The whisper in the corridors of Sachivalaya is that in the midst of all these, the state government was busy with its own internal probe. They suspected that a section of the police force was trying to "defame the city". And their suspicion narrowed down to a couple of "disgruntled" top cops.
The is the theory they are working on. On December 31, when Bengaluru got a new police commissioner, an IPS officer who had an eye on the post was "terribly upset". He then passed on "select" CCTV footage to a local TV channel and then asked the reporter to "share" it with friends in the media. He was also "helped" by another senior police officer.
The buzz is that the CM's men have with them enough evidence against the cops, including intercepted telephone calls.
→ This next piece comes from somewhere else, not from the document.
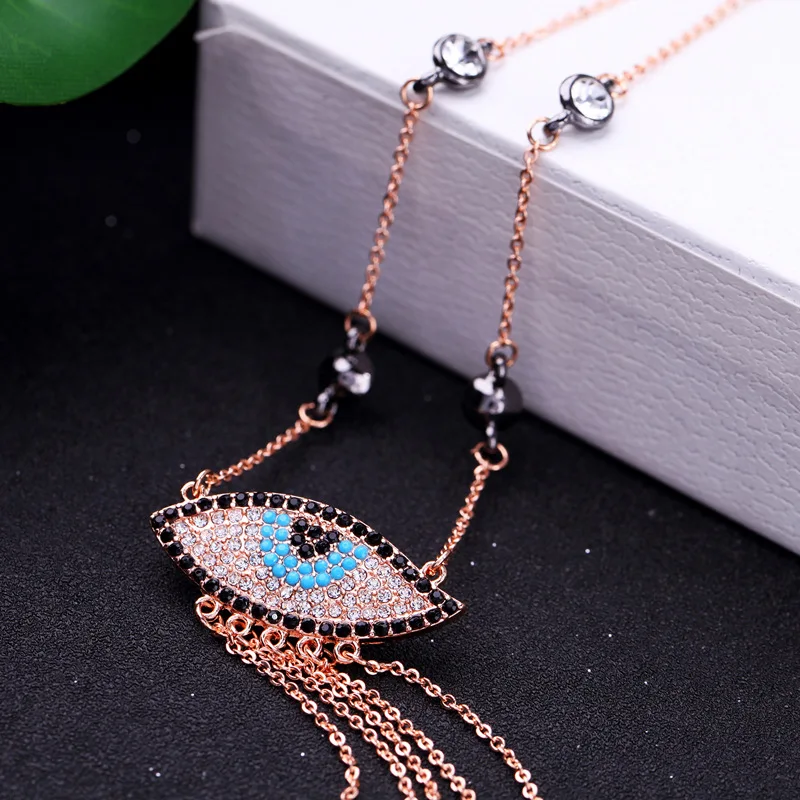 ANL010, Fashion Rose Gold Color Statement Turkish Crystal Pearl Evil Eye Pendant Long Tassel Chain Sweater Necklace Collier
ANL010, Fashion Rose Gold Color Statement Turkish Crystal Pearl Evil Eye Pendant Long Tassel Chain Sweater Necklace Collier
The final narrative for them: It was a case of sour grapes behind the "conspiracy" to defame the city.
At the recently concluded national executive meet of the BJP, one incident raised the hackles of many who were present.
When Madhya Pradesh chief minister Shivraj Singh Chauhan was making a presentation on the development initiatives he has undertaken in his state, he was interrupted thrice by party chief Amit Shah.
Remember, Chauhan was one of the leaders who in 2014 was dubbed as a potential rival to Narendra Modi.
Sushma Swaraj had even mentioned Chauhan's model of growth in Madhya Pradesh as more inclusive than Modi's Gujarat.
So when Shah told him to hurry up and conclude, not once but thrice, Chauhan's unease was felt by many who were around.